“Fifty thousand.”

“So be it,” said she.

“But you must finish this at once.”

“I’ll claim the money within three days.” She rose and took his arm. “Come, let us go back to the others.”

Two minutes later she was again with Drexel, trying with look and veiled words to win his sympathy for her cause.

CHAPTER XII
IN THE PRINCE’S STUDY

AFTER several more of the countess’s songs of Little Russia, and more vocal trapeze work by the lieutenant among his Italian arias, the company adjourned to the hall, a room so large that a fair-sized house could have been erected therein. Here tables had been placed, and the company eagerly set about playing cards, the great pastime of the blasé Russian nobility. The stakes were moderate, Berloff purposely announcing a low limit that none might leave his house with feelings of regret; but nevertheless the play continued with a silent intensity far into the morning hours.

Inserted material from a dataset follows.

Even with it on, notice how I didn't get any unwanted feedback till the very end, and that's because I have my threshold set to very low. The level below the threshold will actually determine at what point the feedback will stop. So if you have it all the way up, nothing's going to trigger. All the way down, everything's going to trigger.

The countess tried in vain to have a few minutes alone with Drexel during the evening. The next morning, however, she was more fortunate, for when she came down at eleven for her tea and two sugared rolls she found Drexel alone in the breakfast room—no other of the guests had as yet appeared. She assumed command of the great silver samovar, which would be steaming all day, and made Drexel a fresh glass of tea. When she had said the night before to Berloff that she liked Drexel, she had spoken more of truth than the prince imagined—more, perhaps, than even she herself was aware of—and this liking lent a peculiar excitement, a tang, to the game she was now playing.

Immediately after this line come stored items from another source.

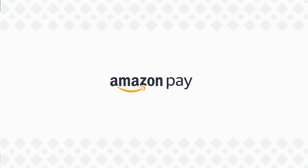Thanks for watching. For more information about Amazon Pay, check out our other videos.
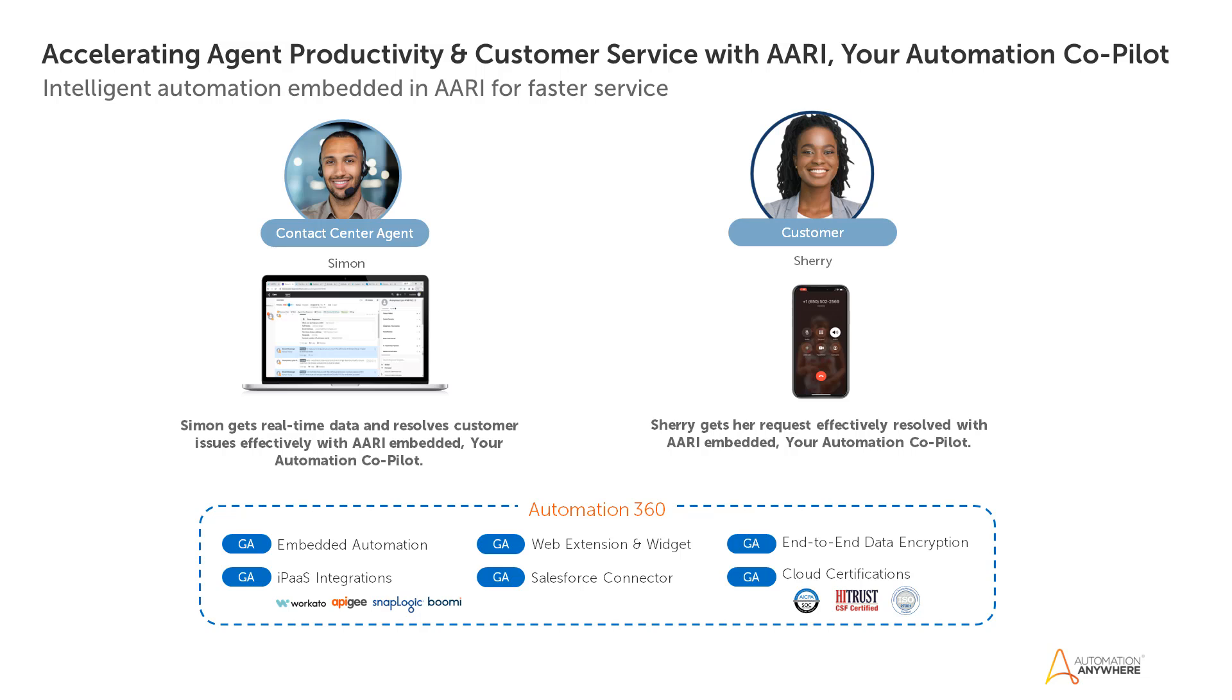A single interaction with the contact center can build or break your customer relationship. Did you know that 96% of customers leave the brand after a bad experience?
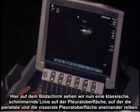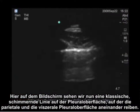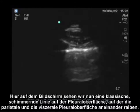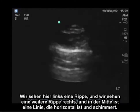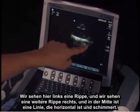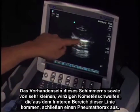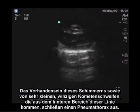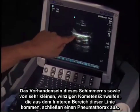What we're looking at on the screen is the classic shimmering line that you see with the pleural surface — that being the parietal and the visceral pleural surface rubbing against each other. We see a rib here on the left, another rib to the right, and in the center is a horizontal line where we see shimmering. The presence of that shimmering, as well as very small tiny comet tails coming from the posterior aspect of that line, excludes the presence of a pneumothorax.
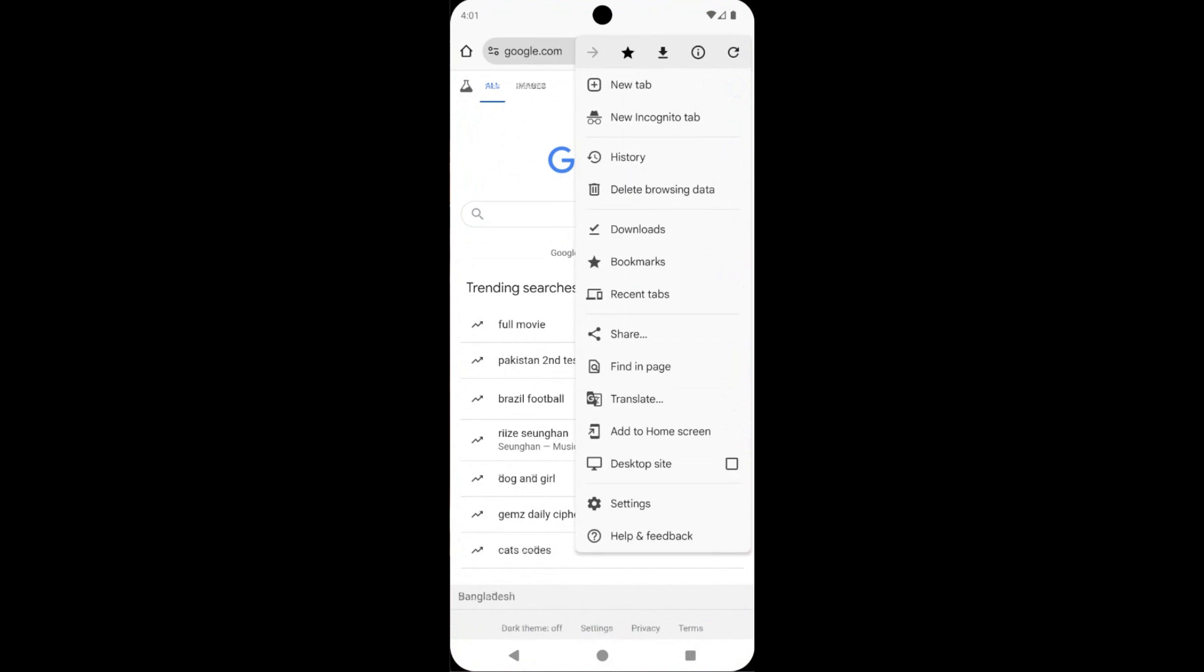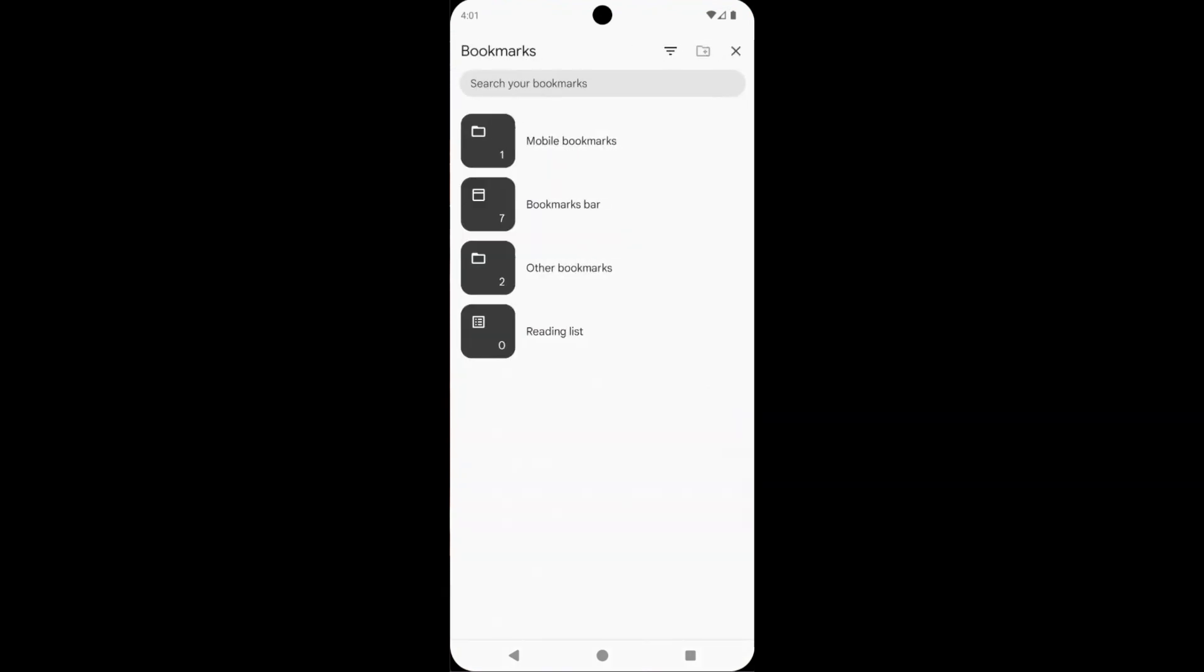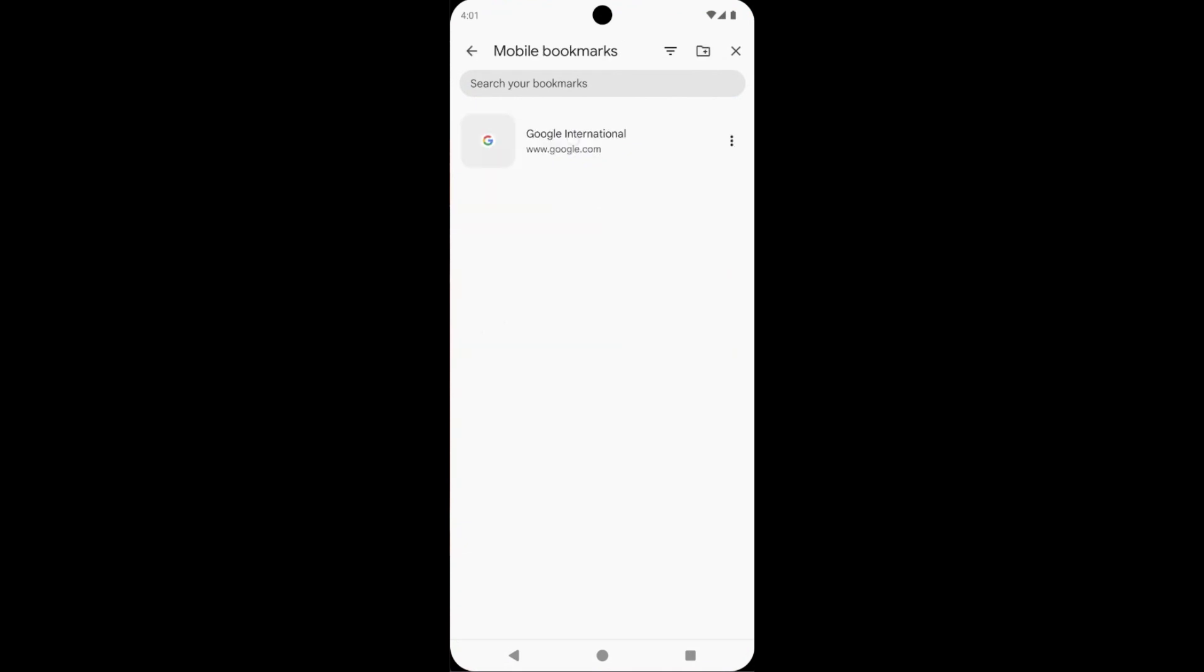Now tap on Bookmarks. Now find the bookmarks. See here, there are some folders. Now tap on it.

Before two minutes had passed she had led the talk to Borodin. To shrewd, hard-headed Henry Drexel, whose secret pride it had always been that no one had ever bested him in the game of wits, this frank, handsome woman seemed flushed with excited devotion to her cause. He had a momentary impulse to avoid the risk of working at cross purposes by taking her as an ally into his and Sonya’s plan; but he was restrained by the sense that to do so would be to reveal Sonya’s secret to a third person, and none but she had that right. On the other hand to tell the countess he was not interested would have been false to his attitude—so he temporized.

“Do you know where Borodin is imprisoned?” he asked.